Religionssoziologisch gesehen fand so gesehen 1994 ein Paradigmenwechsel statt: mit dem Start des Berliner Programmheftes [030]. Das Magazin berichtet seitdem kostenlos alle zwei Wochen über das Ausgehen in dieser Stadt – bisschen Kino, bisschen, Shoppen, viel Party – und setzt sich mit messianischem Eifer über bestehende Diskursregeln hinweg: Das Nachtleben tritt in [030] nicht als gebündeltes Geheimwissen auf, sondern als Sache, über die man reden darf. „Am Sonntag, dem 26. 09., trifft sich die Szene um 23 Uhr im Sage Club und feiert bis Montag früh um 10 Uhr“, lasen wir gerade erst. So einfach ist das.
[030] hat Maßstäbe gesetzt. Nicht zuletzt gründet auch die Erfolgsgeschichte des Flyer im vorexerzierten Übergang derGeheimreligion „Nightlife“ zur allgemein zugänglichen Gesellschaftsübung Ausgehen.

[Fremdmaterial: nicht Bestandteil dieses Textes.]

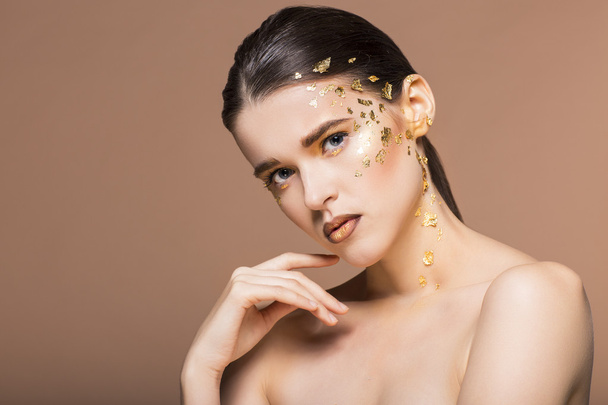 Portrait of a beautiful young woman with bright golden make up - Photo, Image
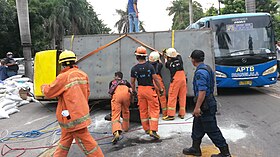 Indonesian fire fighters handling a traffic accident in Jakarta Indonesian fire fighters during a traffic accident.jpg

Oder um es in den eigenen Worten des Magazin zu sagen: „[030] hat es verstanden, mit der Szene zu wachsen. Als es auf dem Markt der Stadtmagazine angetreten ist, gab es noch keine Partyinfos in den klassischen Stadtmagazinen, heute kommt keines mehr ohne Clubguide und Partyseiten aus.“
[030] sind allerdings bis heute die einzigen geblieben, die eine Klatschkolumne ganz allein auf Clubs beschränkt haben. From disco to disco: „Marcellas heiße Spalte“. Es hat zugegebenermaßen fünf Jahre gedauert, bis man den Titel, Inhalt und Bebilderung dieser Kolumne wirklich würdigen konnte. Aber jetzt: „Das einzig Lesenswerte for those who know in dieser Stadt“, erklärt Fan Jürgen Laarmann in der neuen Ausgabe der [030]: Nummer 20. 1/99.